He has truly earned our respect.
ESPN: Mitch Kupchak always seems to be in the right place at the right time. At least that’s the common misconception about the Los Angeles Lakers general manager who never gets credit for not only maintaining a championship team for three years but for rebuilding a new one three years later.
Kupchak is the quiet, unassuming player at the poker table — never getting too aggressive or taking big risks yet always seems to end up with all the chips in the end.
When he traded for Pau Gasol two years ago, he was called a thief. When he drafted 17-year-old Andrew Bynum five years ago, he was called crazy and, after Bynum slowly developed into one of the best centers in the NBA, he was called lucky. When he replaced fan-favoriteTrevor Ariza with Ron Artest last year, he was called foolish and, when Artest proved to be the hero in Game 7 of the NBA Finals, he was called fortunate.
Call him whatever you want but Kupchak, more often than not, has been right since taking over for Jerry West a decade ago.
While general managers around the NBA throw $120 million contracts at the likes of Joe Johnson, Kupchak quietly re-signed Kobe Bryant and Pau Gasol to contract extensions this past season. Both moves, by the way, were announced via nondescript afternoon press releases as opposed to a prime-time special.

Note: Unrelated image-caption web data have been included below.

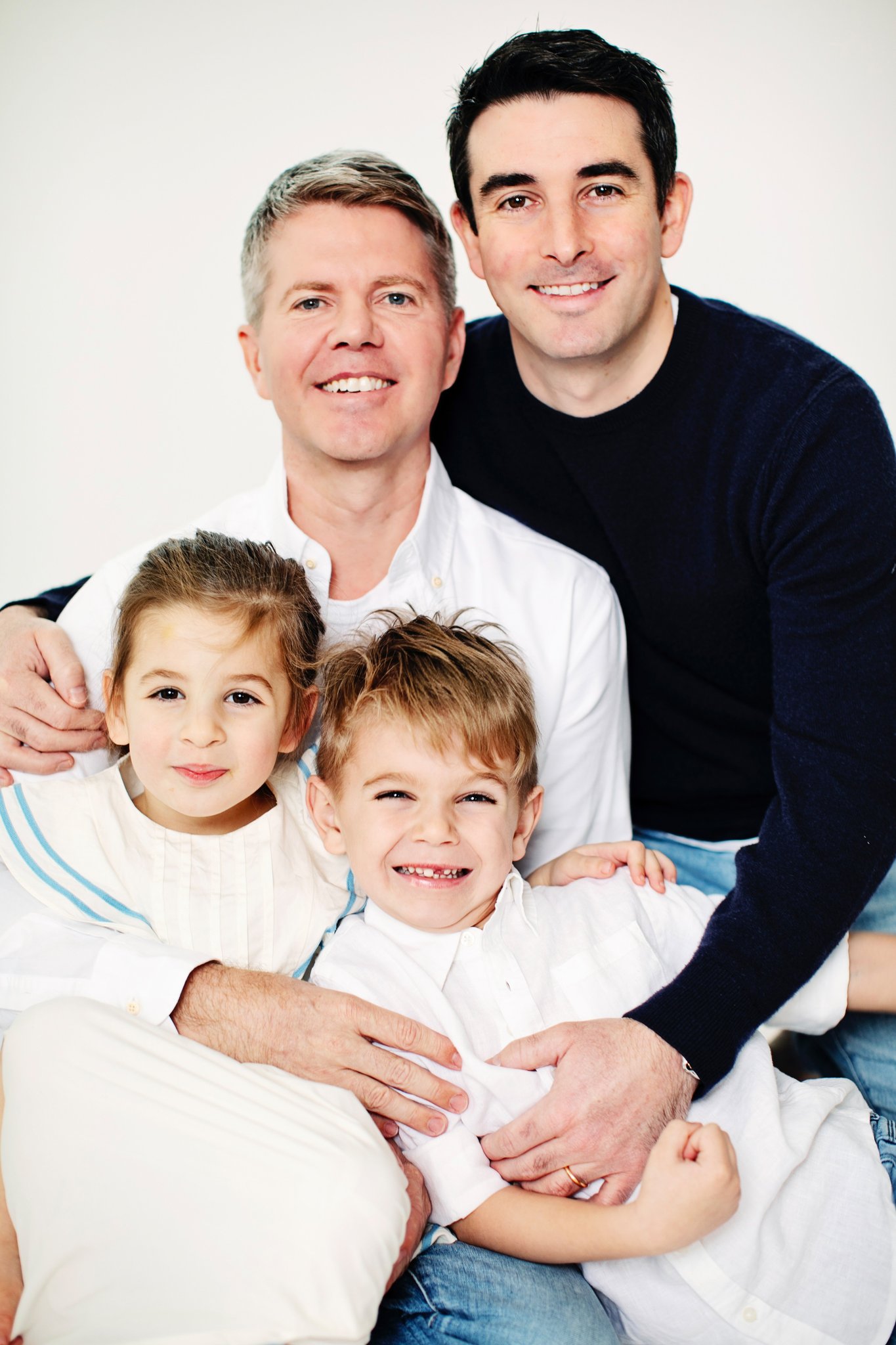 Two dads holding their children close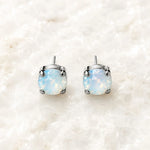 Capri Opal Crystal Stud Earrings featuring luminous round opal crystals in polished silver settings on Carabella's signature white quartz background.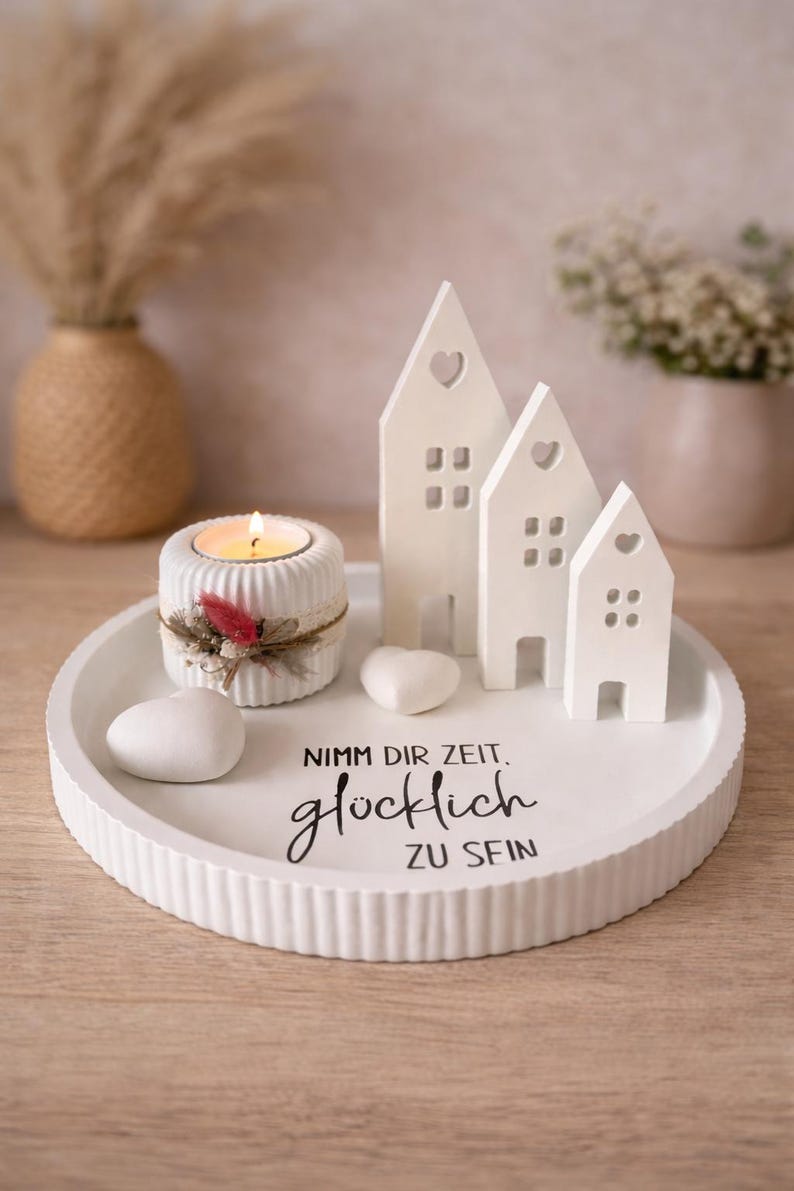 May include: A white decorative tray with a lit candle, ceramic houses, and heart-shaped stones. The houses have heart-shaped cutouts. The tray features the text "Nimm dir Zeit. gl&uuml;cklich ZU SEIN."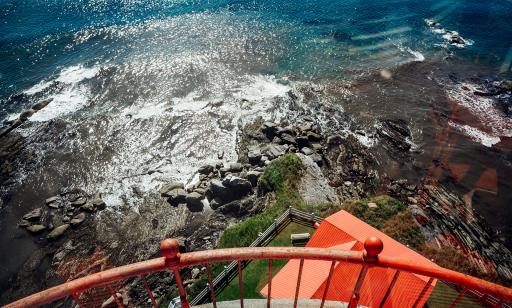 View from the lantern platform of a red roof and waves smashing against the rocks. 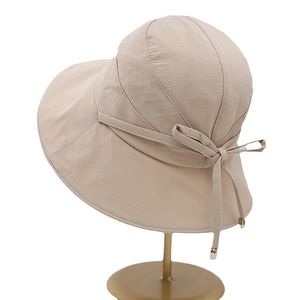 Women's UV protection wide brim sun hat in beige with decorative bow tie and metal trim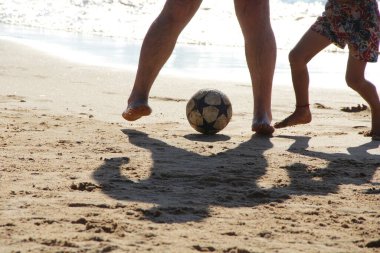 Kumsalda futbol oynayan insanların bacaklarına bakın. 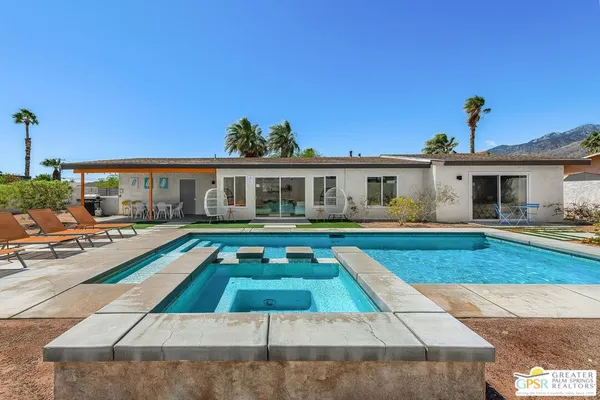 a house view with swimming pool and porch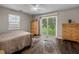 Cozy bedroom with warm hardwood floors, sliding doors to a patio, and a ceiling fan at 1256 Center St, Lake Wales, FL 33859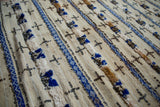 Alternating thick piled texture, cobalt blue patterns, and silver sequins on vintage wedding blanket.
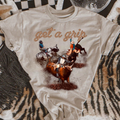 Get a Grip Rodeo Bull Riding Graphic on Gildan Softstyle Natural Shirt – Graphic Tee, Long Sleeve & Crewneck.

Few front office executives know the NBA landscape as well as Kupchak, who played for the Washington Bullets and the Lakers from 1976-1986 and joined the Lakers’ front office upon retirement in 1986. You’ll never see Kupchak overpay for a player or bid against himself for a player. He knows the market too well. He knows how much a player can get and knows what it will take to get him.
Try to bluff Kupchak all you want but chances are he’ll call you out and make you pay in the end.